Jacopo Da Riva

Personal information
- Date of birth: 27 October 2000 (age 25)
- Place of birth: Montebelluna, Italy
- Height: 1.87 m (6 ft 2 in)
- Position: Midfielder

Team information
- Current team: Al-Ittifaq
- Number: 40

Youth career
- 0000–2014: Montebelluna
- 2014–2015: Pordenone
- 2015–2020: Atalanta

Senior career*
- Years: Team / Apps / (Gls)
- 2020–2025: Atalanta / 1 / (0)
- 2020–2021: → Vicenza (loan) / 17 / (3)
- 2021–2022: → SPAL (loan) / 25 / (2)
- 2022–2023: → Como (loan) / 20 / (1)
- 2023: → Reggiana (loan) / 3 / (0)
- 2024: → Atalanta U23 / 3 / (0)
- 2024: → Juve Stabia (loan) / 0 / (0)
- 2024–2025: → Foggia (loan) / 22 / (0)
- 2025–: Al-Ittifaq / 0 / (0)

= Jacopo Da Riva =

Italian footballer (born 2000)

Jacopo Da Riva (born 27 October 2000) is an Italian professional footballer who plays as a midfielder for Al-Ittifaq.

==Club career==
Da Riva joined the youth academy of Atalanta in 2015. On 1 August 2020, Da Riva made his senior debut for the club in a 2–0 Serie A loss to Inter Milan. Eleven days later, he made his debut in the UEFA Champions League against Paris Saint-Germain.
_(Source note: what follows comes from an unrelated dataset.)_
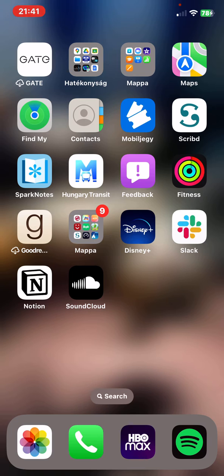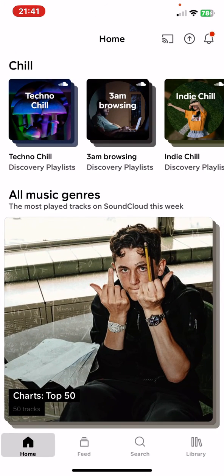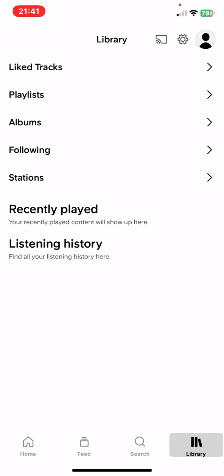First of all, open the application on your phone, and then click on the library button at the bottom of the page on the right.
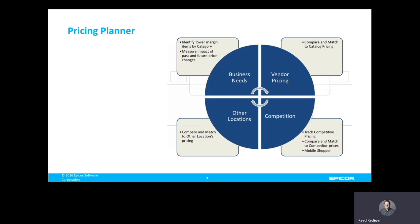It also allows you to match and compare vendor catalog pricing, competitors' prices, as well as prices at other locations.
On 5 October 2020, he joined Serie B club Vicenza on loan.

On 24 August 2021, he joined SPAL on loan.

On 1 September 2022, Da Riva was loaned to Como.

On 1 September 2023, Da Riva moved on loan to Reggiana.

On 24 August 2024, he joined Foggia on loan.